The Ascent of the Soul

Sacred Music by Avila’s celebrated sons, Victoria and Morales

Saturday 11th July 2015 - 7:30pm

St George's, Bloomsbury, WC1A 2SA

 

Director: David Allinson

 

Spanish Renaissance polyphony is often described as ‘mystical’ – in contrast to the cooler, more ‘objective’ beauty of the music of Palestrina. If one city might be considered the crucible of Spanish mysticism, it is Avila, ‘town of Stones and Saints’.

 

Sitting high in a rocky wilderness in central Spain, it was the birthplace of Saint Teresa, mystic and reformer, whose 500th anniversary was celebrated in 2015. During the 16th century its cathedral was a centre of musical excellence, employing superb organists and composers.

 

In this concert we celebrated the music of two Spaniards who came to dominate the European musical scene, but whose music is infused with the spirit of Avila: Cristobál de Morales (maestro de capilla at the cathedral, 1526-28) and Tomás Luis de Victoria, who learned the craft of composition there as a choirboy.

 

Works performed included Victoria - Missa Gaudeamus and Morales - Jubilate Deo

Magna Carta concert

Celebrating 800 years of the Magna Carta

Saturday 16th May 2015 - 7:30pm

The Church of St Peter & St Paul, Clare, Suffolk

 

Director: David Allinson

 

The Society for Music in Clare Church (SMICC) hired The Renaissance Singers to perform a concert covering 800 years of choral music, with works representing the fifteenth year of each century, starting with Gregorian Chant and finishing with a piece composed in 2015.

The Master's Apprentice

Cipriano de Rore (1515–1565) and the influence of Josquin des Prez

Saturday 14th March 2015 - 7:30pm

St George's, Bloomsbury, WC1A 2HR

 

Director: David Allinson

 

The inspired, poignant and powerful sacred music of Cipiano de Rore is infused with the spirit of his predecessor Josquin.

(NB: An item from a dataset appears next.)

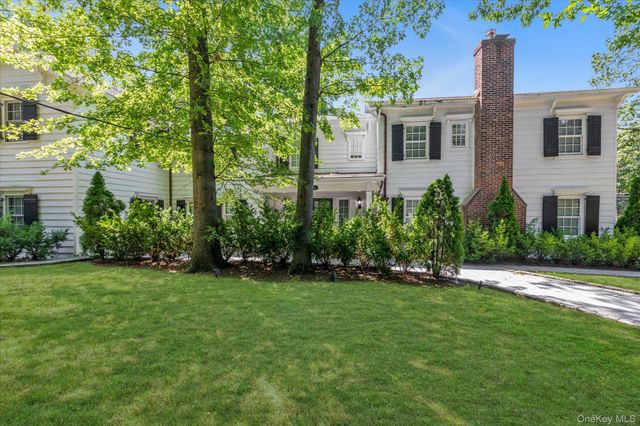 240-02 Poplar Street, Douglaston, NY 11363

He frequently paid tribute to the Flemish master by referencing and reworking Josquin’s music to rhapsodic and rhetorical effect. 

 

In his secular music, de Rore was the greatest innovator of the mid-16th century: his chansons are suavely emotional and his madrigals are vivid and startling. Monteverdi regarded him as the originator of the seconda prattica. 

 

2015 marked the 500th anniversary of de Rore’s birth – and the 450th anniversary of his death. To mark the occasion we performed his powerful madrigals and chansons – plus motets and music for the Mass, along with the Josquin ‘originals’ that inspired them.

A Tudor Christmas

Seasonal Sheppard at 500

Saturday 20th December 2014 - 7:30pm

St George's, Bloomsbury, WC1A 2HR

 

Director: David Allinson

 

When like is compared with like, there is little doubt that Sheppard is an Olympian figure of mid-sixteenth-century polyphony. – David Wulstan

 

An exuberant programme of seasonal polyphony, crowned by Sheppard’s most thrilling mass setting, the Missa Cantate. Almost certainly written in the mid-1550s, around the same time as Tallis’s Missa Puer natus, Sheppard keeps six voices in play, combining the textural richness and rhythmic verve of predecessors such as Taverner and Fayrfax with a more modern sense of motivic cogency and harmonic drive. 

 

The Mass was interspersed with Tudor polyphony for Advent and Christmas by Lambe, Tallis and Byrd.

O What Evil Is War

War and Peace in 17th Century Germany

Saturday 25th October 2014 - 7:30pm

St George's, Bloomsbury, WC1A 2HR

 

Guest Director: Gawain Glenton

 

A concert of music written during the Thirty Years War, composed by German-speaking musicians directly affected by the international conflict that devastated large parts of central Europe between 1618 and 1648. Then as now, anti-war sentiment found an outlet in music, with beautifully poignant songs of loss, anguish and thanksgiving for peace being set to music by composers such as Heinrich Schütz, Melchior Franck, Heinrich Albert and Sigmund Theophil Staden. As we commemorated the centenary of the outbreak of World War I this concert reminded us that the brutality of war - and the simple human response to it - remains unchanged from that day to this.